Washington, D.C. — As a growing number of states increase cigarette taxes to help close large budget deficits, the tobacco companies and their allies are resorting to increasingly desperate and deceptive scare tactics to convince policy makers – and the media – that cigarette taxes unfairly burden smokers and are not a reliable source of revenue. The Lorillard Tobacco Co. has gone so far as to run ads claiming cigarette tax increases benefit organized crime.

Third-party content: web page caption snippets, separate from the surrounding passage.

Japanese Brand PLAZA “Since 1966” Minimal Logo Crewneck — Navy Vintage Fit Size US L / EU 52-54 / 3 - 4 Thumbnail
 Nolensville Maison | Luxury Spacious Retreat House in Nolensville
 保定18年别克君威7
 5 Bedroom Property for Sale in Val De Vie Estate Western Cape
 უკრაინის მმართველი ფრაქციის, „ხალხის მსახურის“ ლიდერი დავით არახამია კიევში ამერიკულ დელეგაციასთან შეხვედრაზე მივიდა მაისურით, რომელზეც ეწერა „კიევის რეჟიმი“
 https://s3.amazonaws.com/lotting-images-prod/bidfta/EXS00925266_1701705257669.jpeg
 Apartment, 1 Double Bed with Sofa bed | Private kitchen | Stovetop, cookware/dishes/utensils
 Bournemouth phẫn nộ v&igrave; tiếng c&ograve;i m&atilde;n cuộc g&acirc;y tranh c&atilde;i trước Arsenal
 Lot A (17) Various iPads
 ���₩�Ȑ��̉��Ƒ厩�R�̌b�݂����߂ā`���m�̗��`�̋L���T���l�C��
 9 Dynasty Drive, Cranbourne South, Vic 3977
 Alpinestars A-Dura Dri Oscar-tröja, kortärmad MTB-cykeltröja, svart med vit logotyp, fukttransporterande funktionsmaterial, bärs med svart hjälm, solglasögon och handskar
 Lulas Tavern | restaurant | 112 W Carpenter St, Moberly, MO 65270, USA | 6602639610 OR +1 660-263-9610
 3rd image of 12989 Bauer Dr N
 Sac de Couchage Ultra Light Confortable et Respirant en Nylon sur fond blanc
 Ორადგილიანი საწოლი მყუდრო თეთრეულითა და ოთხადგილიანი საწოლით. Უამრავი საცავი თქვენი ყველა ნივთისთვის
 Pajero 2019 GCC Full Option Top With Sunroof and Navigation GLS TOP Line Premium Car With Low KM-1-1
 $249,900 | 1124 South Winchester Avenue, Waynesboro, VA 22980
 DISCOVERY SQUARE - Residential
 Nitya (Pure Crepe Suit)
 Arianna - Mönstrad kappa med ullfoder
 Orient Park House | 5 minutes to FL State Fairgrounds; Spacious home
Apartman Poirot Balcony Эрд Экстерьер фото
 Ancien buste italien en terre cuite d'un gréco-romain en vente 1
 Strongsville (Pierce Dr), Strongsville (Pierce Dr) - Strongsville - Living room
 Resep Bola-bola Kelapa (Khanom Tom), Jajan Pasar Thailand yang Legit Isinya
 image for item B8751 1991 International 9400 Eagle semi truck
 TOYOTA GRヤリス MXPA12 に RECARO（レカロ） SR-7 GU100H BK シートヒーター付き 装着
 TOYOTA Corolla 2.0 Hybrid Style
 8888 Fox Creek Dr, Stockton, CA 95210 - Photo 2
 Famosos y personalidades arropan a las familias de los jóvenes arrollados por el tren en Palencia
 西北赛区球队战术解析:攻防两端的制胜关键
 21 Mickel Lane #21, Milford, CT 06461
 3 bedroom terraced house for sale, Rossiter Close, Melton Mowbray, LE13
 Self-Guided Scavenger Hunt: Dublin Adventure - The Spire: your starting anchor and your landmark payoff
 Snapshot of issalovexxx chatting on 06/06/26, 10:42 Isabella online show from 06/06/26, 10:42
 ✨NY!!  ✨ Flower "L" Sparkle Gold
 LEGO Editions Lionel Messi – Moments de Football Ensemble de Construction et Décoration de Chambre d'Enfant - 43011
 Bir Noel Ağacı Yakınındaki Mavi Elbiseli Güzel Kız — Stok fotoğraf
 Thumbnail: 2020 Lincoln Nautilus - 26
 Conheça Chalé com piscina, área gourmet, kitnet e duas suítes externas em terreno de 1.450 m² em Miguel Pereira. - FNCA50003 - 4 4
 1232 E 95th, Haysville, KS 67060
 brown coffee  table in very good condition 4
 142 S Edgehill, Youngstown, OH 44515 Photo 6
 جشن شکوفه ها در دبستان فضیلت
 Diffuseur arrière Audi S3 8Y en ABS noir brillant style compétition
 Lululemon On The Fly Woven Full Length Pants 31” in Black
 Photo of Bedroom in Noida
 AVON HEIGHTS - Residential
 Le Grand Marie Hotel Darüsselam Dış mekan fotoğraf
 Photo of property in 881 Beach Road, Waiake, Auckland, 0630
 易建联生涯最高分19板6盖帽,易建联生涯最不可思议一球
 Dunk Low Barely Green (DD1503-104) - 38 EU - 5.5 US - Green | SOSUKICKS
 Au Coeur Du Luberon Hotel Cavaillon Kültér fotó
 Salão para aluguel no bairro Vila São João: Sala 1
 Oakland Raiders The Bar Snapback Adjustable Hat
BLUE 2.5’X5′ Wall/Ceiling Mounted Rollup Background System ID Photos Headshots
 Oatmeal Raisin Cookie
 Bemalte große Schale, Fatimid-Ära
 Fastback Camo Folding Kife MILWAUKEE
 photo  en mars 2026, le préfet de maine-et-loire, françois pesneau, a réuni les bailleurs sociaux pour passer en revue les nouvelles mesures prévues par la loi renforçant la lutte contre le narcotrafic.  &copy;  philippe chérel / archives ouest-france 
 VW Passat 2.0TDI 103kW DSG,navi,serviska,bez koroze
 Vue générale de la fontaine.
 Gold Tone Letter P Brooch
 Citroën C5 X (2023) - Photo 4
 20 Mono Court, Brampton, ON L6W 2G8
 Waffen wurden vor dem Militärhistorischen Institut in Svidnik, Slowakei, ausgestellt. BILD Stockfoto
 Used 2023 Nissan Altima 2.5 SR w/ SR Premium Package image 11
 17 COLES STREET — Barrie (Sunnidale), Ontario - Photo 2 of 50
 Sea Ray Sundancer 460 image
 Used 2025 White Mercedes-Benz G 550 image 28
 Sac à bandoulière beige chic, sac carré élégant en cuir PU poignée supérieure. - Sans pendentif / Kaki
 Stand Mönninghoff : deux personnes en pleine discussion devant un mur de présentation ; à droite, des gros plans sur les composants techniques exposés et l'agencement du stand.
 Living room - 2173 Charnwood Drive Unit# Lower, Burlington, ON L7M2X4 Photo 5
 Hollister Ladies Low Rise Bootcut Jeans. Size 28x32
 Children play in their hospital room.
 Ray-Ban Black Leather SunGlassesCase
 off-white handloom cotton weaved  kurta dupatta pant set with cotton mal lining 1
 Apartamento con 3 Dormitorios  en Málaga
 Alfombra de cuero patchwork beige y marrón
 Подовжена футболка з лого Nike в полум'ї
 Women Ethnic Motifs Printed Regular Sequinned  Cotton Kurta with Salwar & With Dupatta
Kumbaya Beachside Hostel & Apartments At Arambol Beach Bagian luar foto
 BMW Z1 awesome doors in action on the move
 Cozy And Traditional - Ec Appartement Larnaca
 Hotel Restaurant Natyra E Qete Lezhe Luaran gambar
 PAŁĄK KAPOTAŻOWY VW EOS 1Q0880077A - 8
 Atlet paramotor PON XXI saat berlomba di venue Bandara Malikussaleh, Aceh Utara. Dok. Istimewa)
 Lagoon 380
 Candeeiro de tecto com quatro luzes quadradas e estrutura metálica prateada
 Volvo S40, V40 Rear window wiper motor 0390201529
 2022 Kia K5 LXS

These tobacco company arguments ignore the following key facts:

  • Every single state that has significantly increased its cigarette tax rate has enjoyed substantial increases in state tobacco tax revenue – despite the smoking declines prompted by the tax increase and despite any related tobacco tax evasion by continuing smokers.
  • Economic studies have consistently found that tobacco tax evasion and cigarette smuggling is a much smaller problem than the tobacco companies allege – and there are simple steps that states can take to make the problem even smaller.
  • The average federal and state tax on a pack of cigarettes is $1.08 – and even in the states with the very highest cigarette tax rates totals only $1.90. In contrast, the U.S. Centers for Disease Control and Prevention estimates that each pack of cigarettes sold in the U.S. costs the nation an estimated $7.18 in smoking-caused health care costs and lost productivity. Clearly, current cigarette taxes do not come close to covering the tremendous costs that tobacco use imposes on all taxpayers.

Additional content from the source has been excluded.